Wyrokiem z dnia 16 września 2008 r. Sąd Okręgowy w Toruniu w sprawie IC 455/07 zasądził od pozwanych J. W. oraz od R. W. na rzecz syndyka masy upadłości R. D. kwotę 126.200 zł tytułem aktualnej wartości przedmiotowej nieruchomości sprzedanej pozwanej F., własność której uzyskali nieodpłatnie od upadłego w ciągu roku przed złożeniem wniosku o ogłoszenie upadłości. Natomiast aktem notarialnym z dnia 15 października 2009 r. warunkową umową sprzedaży G. F. sprzedała przedmiotową nieruchomość J. D. – żonie R. D.. Ze wskazanej nieruchomości przez cały czas korzysta R. D..

W konsekwencji przechowywania środków pieniężnych poza systemem bankowym G. F. utraciła odsetki w kwocie minimum 840 zł, a pozwani J. W. utracili z tego tytułu minimum 5880 zł.

Powyższy stan faktyczny Sąd Rejonowy ustalił w oparciu o zeznania świadków, zalegające w aktach dokumenty, twierdzenia stron. Sąd Rejonowy częściowo odmówił wiarygodności twierdzeniom R. D. i J. F. oraz pozwanych w części dotyczącej okoliczności i motywów zawierania poszczególnych umów przenoszących własność spornej nieruchomości. Wstępnie Sąd I instancji zauważył, że wprawdzie nie jest przedmiotem analizy umowa darowizny nieruchomości zawarta między R. D. a małżonkami W., nie ulega jednak wątpliwości, iż nie było zamiarem darczyńcy przeniesienie własności nieruchomości i zapewnienie pozwanym mieszkania, lecz dążenie do ukrycia posiadanego majątku przed złożeniem wniosku o ogłoszenie upadłości.

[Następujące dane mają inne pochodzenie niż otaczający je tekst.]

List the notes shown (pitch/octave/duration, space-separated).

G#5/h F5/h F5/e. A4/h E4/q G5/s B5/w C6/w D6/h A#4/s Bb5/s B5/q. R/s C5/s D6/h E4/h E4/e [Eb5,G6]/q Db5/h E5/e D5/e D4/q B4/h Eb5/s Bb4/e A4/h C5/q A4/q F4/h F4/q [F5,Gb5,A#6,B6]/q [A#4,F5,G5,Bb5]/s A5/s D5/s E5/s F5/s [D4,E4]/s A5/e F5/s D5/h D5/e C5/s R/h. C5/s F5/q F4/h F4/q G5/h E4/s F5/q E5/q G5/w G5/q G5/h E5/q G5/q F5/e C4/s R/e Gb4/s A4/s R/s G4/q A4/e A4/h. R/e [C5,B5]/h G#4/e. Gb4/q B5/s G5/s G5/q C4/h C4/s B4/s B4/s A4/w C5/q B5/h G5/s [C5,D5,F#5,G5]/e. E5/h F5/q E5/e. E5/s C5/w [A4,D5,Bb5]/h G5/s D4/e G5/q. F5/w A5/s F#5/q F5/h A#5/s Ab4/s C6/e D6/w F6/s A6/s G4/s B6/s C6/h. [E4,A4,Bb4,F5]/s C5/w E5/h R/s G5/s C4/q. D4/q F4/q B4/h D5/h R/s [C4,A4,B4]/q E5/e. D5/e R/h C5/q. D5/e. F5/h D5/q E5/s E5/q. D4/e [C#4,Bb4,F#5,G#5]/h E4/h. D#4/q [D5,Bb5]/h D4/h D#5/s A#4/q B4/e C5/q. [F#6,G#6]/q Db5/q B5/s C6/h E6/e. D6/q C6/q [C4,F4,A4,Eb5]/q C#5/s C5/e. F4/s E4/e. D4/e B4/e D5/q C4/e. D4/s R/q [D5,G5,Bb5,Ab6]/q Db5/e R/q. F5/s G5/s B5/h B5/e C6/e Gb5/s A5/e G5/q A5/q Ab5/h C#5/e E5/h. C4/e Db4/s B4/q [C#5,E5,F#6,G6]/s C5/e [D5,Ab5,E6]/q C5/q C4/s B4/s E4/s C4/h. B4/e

Zeznania świadka J. F. i pozwanej G. F. w odniesieniu do okoliczności nabycia od małż. W. nieruchomości Sąd Rejonowy uznał za naiwne. W ocenie Sądu Rejonowego nie korespondowało z doświadczeniem życiowym zachowanie pozwanej, która po sprzedaży mieszkania w T. część uzyskanych środków przechowuje w domu, część lokuje na rachunku męża i gromadząc potrzebne pieniądze na zakup mieszkania od W. wybiera z konta J. F. osobiście lub posługując się świadkiem małe kwoty pieniędzy w różnych terminach. Jednocześnie na jej koncie bankowym widnieje debet, który implikuje konieczność zapłaty karnych odsetek, środki pieniężne deponowane w domu nie przynoszą zaś stosownych pożytków. Następnie tak zgromadzoną kwotę pieniędzy wręcza małż. W. przed podpisaniem aktu notarialnego bez jakiegokolwiek pokwitowania. W ocenie Sądu Rejonowego zachowanie pozwanej kłóci się z praktykami spotykanymi w obrocie. Za mijające się z prawdą uznał też twierdzenia pozwanej, że nieruchomość chciała zakupić na rzecz swojego syna.

Za niewiarygodne i nielogiczne Sąd Rejonowy uznał twierdzenia J. W. i R. W. na okoliczność transakcji dokonanej z G. F.. W ocenie tegoż Sądu małż. W. nie otrzymali kwoty 120.000 zł od G. F.. Gdyby było inaczej, przeznaczyliby je na zakup mieszkania w P..

Z powyższych względów Sąd Rejonowy uznał, iż umowa zawarta pomiędzy G. F. a małż. W. była umową pozorną (83 kc).

W dalszej kolejności Sąd Rejonowy zważył, że zgodnie z art. 199a ustawy z dnia 29 sierpnia 1997 r. ordynacja podatkowa wynika:

§ 1. Organ podatkowy dokonując ustalenia treści czynności prawnej, uwzględnia zgodny zamiar stron i cel czynności, a nie tylko dosłowne brzmienie oświadczeń woli złożonych przez strony czynności.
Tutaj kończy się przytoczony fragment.